Ron DeSantis has thrown his hat into the ring for the Republican Presidential candidacy. The 44-year-old Florida governor formally submitted his paperwork on Wednesday to contest the Republican Presidential candidacy.

His announcement during a livestream interview with Twitter-owner Elon Musk, however, encountered technical difficulties. Similarly, his early attempts to convey a foreign policy position on Ukraine had led to a backlash within his party.

Seen as the main challenger to front-running former President Donald Trump, DeSantis joined a field of seven declared Republican contenders, including Nikki Haley, a former South Carolina governor and US ambassador to the UN.

Politico characterized DeSantis’ “path to victory” as a balancing act: “DeSantis doesn’t want to be the anti-Trump, but rather a more effective (and less scandalous) continuation of the former president’s political movement.”
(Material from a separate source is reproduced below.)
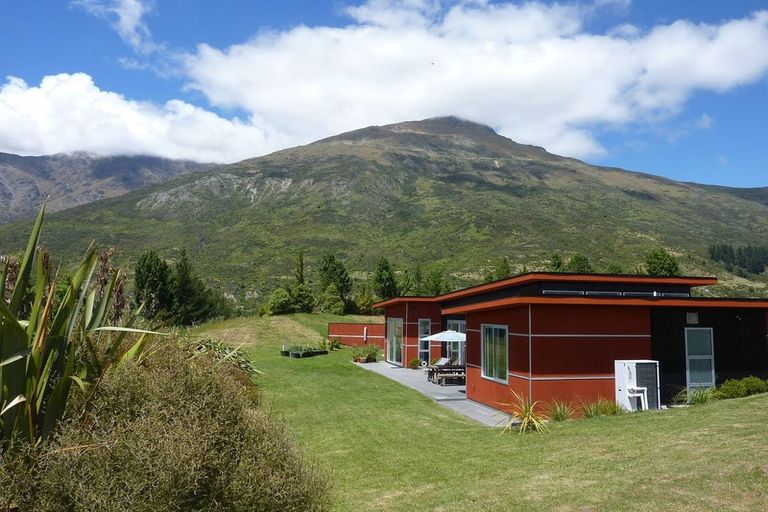 Photo of property in 7 Widgeon Place, Lake Hayes, Queenstown, 9304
While combining Trump fans with loyal Republicans skeptical about the former president might be a “winning primary coalition,” it would require “DeSantis to go at Trump directly – without alienating too many of his supporters – and position himself as a more electable alternative.”

Republicans and Ukraine

Ukraine policy is particularly vexing for the Republican Party.

“The Republican electorate is generally split evenly between Trump isolationists and Reaganite idealists, the latter who strongly support Ukraine,” Brian Mefford, a Kyiv-based Republican Party insider, recently told Kyiv Post.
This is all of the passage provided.